Apple TV hands-on reviewers praise 'revolutionary' remote
But the streaming box does not have enough new features to make it a must for gamers or TV enthusiasts, reviewers say
Alongside two new iPhones, a bigger iPad and a couple of new watch accessories, Apple used last night's event to relaunch its television streaming box, Apple TV. Apple claims that it is a "revolution in television", but some early reviewers were underwhelmed, suggesting that the device might struggle against competition from Google and Amazon.The new unit looks much like its predecessor, only slightly taller. The main change is to the remote and interface. The remote itself "has a lot going on" says The Verge in its hands-on review."A touch-sensitive glass surface serves as the primary means of input, but the remote also supports Siri as Apple pushes its voice assistant deeper across its product portfolio. It can also be turned sideways and used for gaming," the site notes. "Other buttons include Menu, Play / Pause, TV, and a volume rocker."Reviewers say that the remote takes some getting used to, but is very powerful once you know how to use it. Apple hopes that the sophistication of the remote could make Apple TV a credible alternative to gaming consoles such as the Xbox and PS4. Players will be able to use it like a Wii controller, waving it around to hit tennis balls, drive a car or play rhythm games such as Guitar Hero.
So will it resonate with gamers? From last night's presentation it is far from clear, says Metro.co.uk. "How much impact this really will make on the traditional games market is hard to say, but until now Apple TV has never been a massive hit. But likewise Apple has never seemed as invested in games as they are now."
What is also unclear is whether there are enough new features to convince people who already own different streaming devices, such as Google's Chromecast or Amazon's Fire TV, to switch to Apple."Overall, it's a welcome – and meaningful – upgrade to the Apple TV," says Nilay Patel for The Verge, "but there's nothing in this first look that makes it seem like it's going to usher in a massive TV revolution.

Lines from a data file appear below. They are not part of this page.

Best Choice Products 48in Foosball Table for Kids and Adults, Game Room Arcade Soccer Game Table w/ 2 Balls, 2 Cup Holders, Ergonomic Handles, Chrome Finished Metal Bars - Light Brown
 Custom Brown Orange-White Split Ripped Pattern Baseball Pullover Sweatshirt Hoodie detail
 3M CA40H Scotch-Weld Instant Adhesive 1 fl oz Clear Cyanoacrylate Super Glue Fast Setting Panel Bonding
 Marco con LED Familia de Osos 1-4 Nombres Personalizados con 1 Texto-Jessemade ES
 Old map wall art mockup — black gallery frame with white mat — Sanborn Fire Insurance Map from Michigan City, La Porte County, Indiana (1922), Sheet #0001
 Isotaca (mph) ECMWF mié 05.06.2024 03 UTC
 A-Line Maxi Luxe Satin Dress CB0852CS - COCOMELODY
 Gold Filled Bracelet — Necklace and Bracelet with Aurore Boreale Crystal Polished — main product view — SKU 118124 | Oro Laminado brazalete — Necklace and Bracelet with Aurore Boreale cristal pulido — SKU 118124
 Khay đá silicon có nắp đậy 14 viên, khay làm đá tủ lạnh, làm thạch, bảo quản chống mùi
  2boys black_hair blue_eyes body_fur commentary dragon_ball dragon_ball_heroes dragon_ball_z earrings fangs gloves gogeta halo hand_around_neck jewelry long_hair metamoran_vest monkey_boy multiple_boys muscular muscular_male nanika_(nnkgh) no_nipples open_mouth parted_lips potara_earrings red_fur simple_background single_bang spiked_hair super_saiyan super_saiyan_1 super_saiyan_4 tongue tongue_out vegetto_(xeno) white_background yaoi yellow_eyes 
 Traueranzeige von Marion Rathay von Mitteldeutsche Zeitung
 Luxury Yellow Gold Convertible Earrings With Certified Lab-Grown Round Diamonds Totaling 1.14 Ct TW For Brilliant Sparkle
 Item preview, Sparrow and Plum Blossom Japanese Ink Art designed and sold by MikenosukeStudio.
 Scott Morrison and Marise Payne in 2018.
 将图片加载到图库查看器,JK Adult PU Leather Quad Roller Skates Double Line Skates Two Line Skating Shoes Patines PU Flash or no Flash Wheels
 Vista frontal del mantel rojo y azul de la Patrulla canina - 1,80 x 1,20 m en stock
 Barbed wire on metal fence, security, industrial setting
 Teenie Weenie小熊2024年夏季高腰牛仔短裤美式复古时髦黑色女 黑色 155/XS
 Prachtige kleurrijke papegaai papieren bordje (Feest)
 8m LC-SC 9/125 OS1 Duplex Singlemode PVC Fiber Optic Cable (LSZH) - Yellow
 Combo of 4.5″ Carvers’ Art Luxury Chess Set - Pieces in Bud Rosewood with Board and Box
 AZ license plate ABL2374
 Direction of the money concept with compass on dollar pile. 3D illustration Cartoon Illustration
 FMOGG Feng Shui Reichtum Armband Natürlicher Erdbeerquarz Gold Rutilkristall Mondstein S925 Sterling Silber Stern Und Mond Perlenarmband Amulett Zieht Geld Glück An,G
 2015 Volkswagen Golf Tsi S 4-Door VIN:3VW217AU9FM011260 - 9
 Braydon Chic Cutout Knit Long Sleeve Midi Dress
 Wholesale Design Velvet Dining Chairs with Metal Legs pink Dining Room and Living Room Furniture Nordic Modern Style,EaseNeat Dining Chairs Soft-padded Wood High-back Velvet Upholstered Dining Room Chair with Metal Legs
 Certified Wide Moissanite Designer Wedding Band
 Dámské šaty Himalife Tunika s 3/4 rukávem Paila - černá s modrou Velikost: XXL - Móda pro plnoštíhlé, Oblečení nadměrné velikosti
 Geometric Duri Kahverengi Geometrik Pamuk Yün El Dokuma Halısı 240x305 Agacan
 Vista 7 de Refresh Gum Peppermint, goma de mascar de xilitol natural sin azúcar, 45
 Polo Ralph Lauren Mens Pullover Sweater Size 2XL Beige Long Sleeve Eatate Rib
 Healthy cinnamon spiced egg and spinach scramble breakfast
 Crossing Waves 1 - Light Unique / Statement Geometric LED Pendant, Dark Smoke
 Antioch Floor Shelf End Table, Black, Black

"It's now competitive with the latest from Roku, Amazon, and others, and the potential of real processing and graphics power coupled with the App Store is enormous, but it's hard to say more until that stuff goes live."
Apple TV: is it finally ready to take over your home?
Rumours that Apple TV is "just about to get a major upgrade" have been swirling around the ailing device for years. The current generation of the small black set-top box was released in March 2012 and has seen several price drops as it struggled to maintain market share against challenges from Amazon Fire TV, Google Chromecast and Roku.
So if there is an update, how will it differ from its predecessors?
According to a report by the New York Times, gaming will be at the heart of the updated Apple TV. Apple already created a multi-billion dollar industry for mobile games when it "stumbled into the games business almost by accident", the paper says. It is possible therefore that it could mount an equal assault on the console gaming market by turning Apple TV into a games device.
"I think Apple's going to create a big new category in gaming, one that others have tried and failed to create before," tech analyst Jan Dawson told the New York Times. "What the Apple TV has the potential to do is to bring casual gaming to the living room and make it a much more social activity."
Apple is reported to have made an audacious but unsuccessful bid for Jeremy Clarkson's new car show, which ultimately ended up going to Amazon Prime. But some industry analysts said that even the fact that the company pitched for the programme was a signal of intent.
At the Apple Watch launch event in March, Apple CEO Tim Cook said the company was already in talks with entertainment giants Walt Disney and 21st Century Fox to launch an online streaming TV service.
"Apple TV will reinvent the way that you watch television," Cook promised. "This is just the beginning."
Producing original content would be a "major step" for Apple, says technology news site Alphr: "For Apple, original programming makes a lot of sense… it fits in with the approach the company had with Apple Music. Although it hasn't launched its own record company, it did hire Zane Lowe to set up Beats 1 to give Apple Music something more than just the same catalogue everyone else has. Hiring 'talent' is something Apple has been doing a lot of lately, and it clearly sees it as a way of bootstrapping its entertainment services."
Many tech sites believe that Apple may create its own fully fledged App Store to support Apple TV. 9to5Mac reports that the company may be planning to allow content providers to make their own channels and apps for the device. The site also suggests that the App Store will house games built specifically for Apple TV.
9to5Mac also suggests that the fourth-generation Apple TV may come with built-in AirPort Express, eliminating the need for a separate wireless router.
Could Apple TV become a "smart hub" that will allow users to control heating and lights around the home? According to Pocket Lint an addition called HomeKit could make that possible: "It appears you'll use Siri through Apple TV to control your HomeKit-compatible devices when away from home," the site says, adding that "Apple TV will be able to act as an intermediary, letting you issue Siri voice commands to your home from a remote location."